Terkait nilai kecil di bangku kuliah, memang sangat berpengaruh pada psikologis seorang mahasiswa. Apalagi kalau gara-gara dosen tidak objektif memberikan nilai. Mahasiswa banyak yang sedih dan bahkan putus asah. Beberapa mahasiswa memilih berhenti kuliah. Semua itu adalah pilihan hidup masing-masing.
Kalau pengalaman saya, pertama kali kuliah justru mendapat nilai yang memalukan, indek prestasi komulatif (IPK) di bawah standar. Namun demikian, sama sekali tak membuat saya sedih, apalagi putus asa. Dunia tidak akan serta merta menjadi gelap hanya gara-gara mendapat IPK di bawah standar. Situasi itu membuat saya terpacu untuk membuktikan saya bisa meraih yang lebih baik dan seterusnya lebih baik setiap semester hingga lulus menjadi sarjana.
Sangat disadari bahwah nilai itu merupakan indikator atas kurangnya pemahaman saya akan sistem kuliah yang berjalan, rapuhnya strategi perkuliahan yang saya gunakan, dan pastinya minim sekali usaha untuk mencapai nilai yang menyenangkan. Nampaknya saat itu semuanya mengalir begitu saja tanpa berusaha berjuang menerjang arus yang lebih menantang.

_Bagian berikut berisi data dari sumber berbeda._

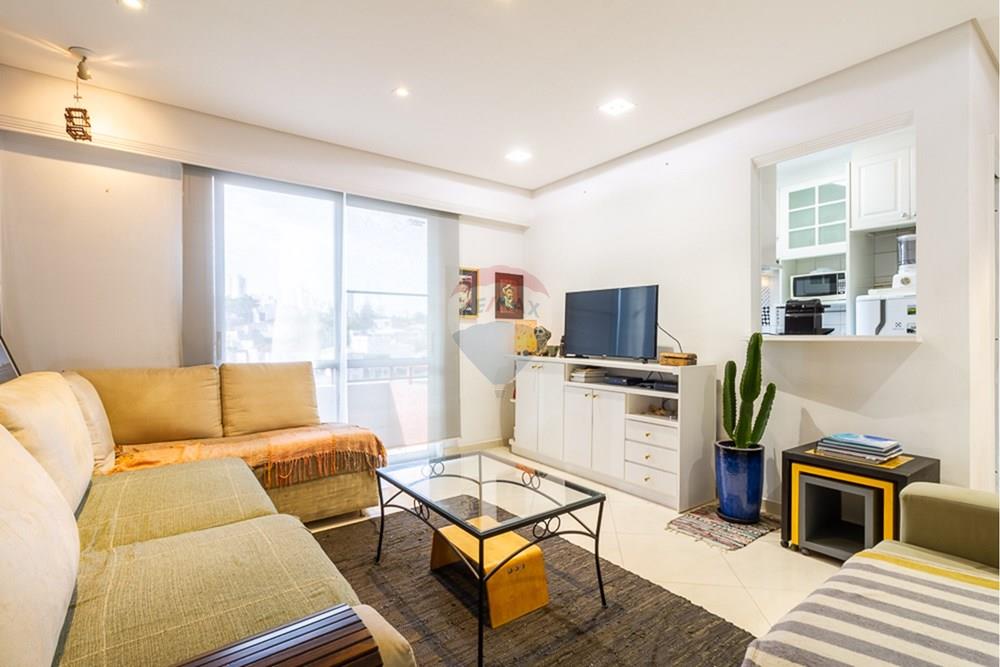 Apartamento - Venda - São Paulo , São Paulo - 11.jpg - Sala em L - 602201008-223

Jadi sudah jelas apa masalahnya. Tentu pasang target menyelamatkan IPK ke batas standar yang ditetapkan kampus. Saya mulai atur strategi menyusun mata kuliah yang akan saya ambil di semester dua dan seterusnya. Tak lupa saya catat di buku harian lengkap beserta target nilai yang ingin saya capai. Target keinginan itu saya barengi dengan usaha dan doa.

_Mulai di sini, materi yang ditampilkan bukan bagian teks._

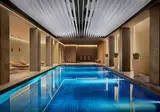 Conrad Istanbul Bosphorus foto 10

Kali ini saya lebih rajin hadir kuliah dan tutorial, semangat menyelesaikan semua tugas berupa (assigment), dan mengikuti ujian dengan baik. Alhamdulillah ternyata membuahkan hasil yang menggembirakan. IPK tidak lagi menyedihkan, bahkan sudah bisa membuat saya tersenyum tiap kali menatap transkrip nilai. Semua itu tambah menyemangati saya untuk mencapai prestasi yang lebih baik lagi.

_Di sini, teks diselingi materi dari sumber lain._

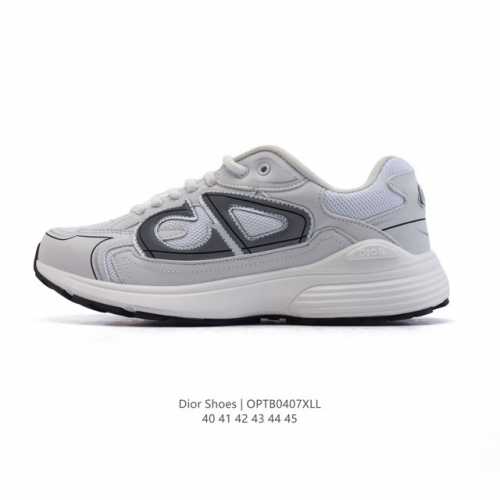 Dior D-Connect 19Ss Dior Christian Dior 40 41 42 43 45 Optb0407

Setiap semester senantiasa saya tulis target nilai yang saya inginkan dari setiap mata kuliah. Saya mengatur strategi belajar sesuai bobot dan jenis mata kuliah yang saya ambil saat itu. Hasilnya sangat membanggakan dan tentu bisa diterapkan bagi mahasiswa yang mengalami nasib sama dengan saya di awal masa perkuliahan jenjang strata satu (S1).
Saya bersyukur, walaupun tidak lulus dengan predikat Cum Laude, tetapi saya tidak juga lulus dengan predikat pas-pasan. Lebih bersyukur lagi karena saya masih bernasib baik karena belasan mahasiswa seangkatan dari Indonesia mengalami drop out di tengah-tengah masa kuliah.
Pengalaman tidak enak di jenjang strata satu itu, benar-benar menjadi pelajaran berharga agar tidak terulang kembali saat memulai pendidikan di jenjang-jenjang selanjutnya. Terbukti setiap semester pertama di dua jenjang pendidikan berikutnya hampir mendapat IPK sempurna.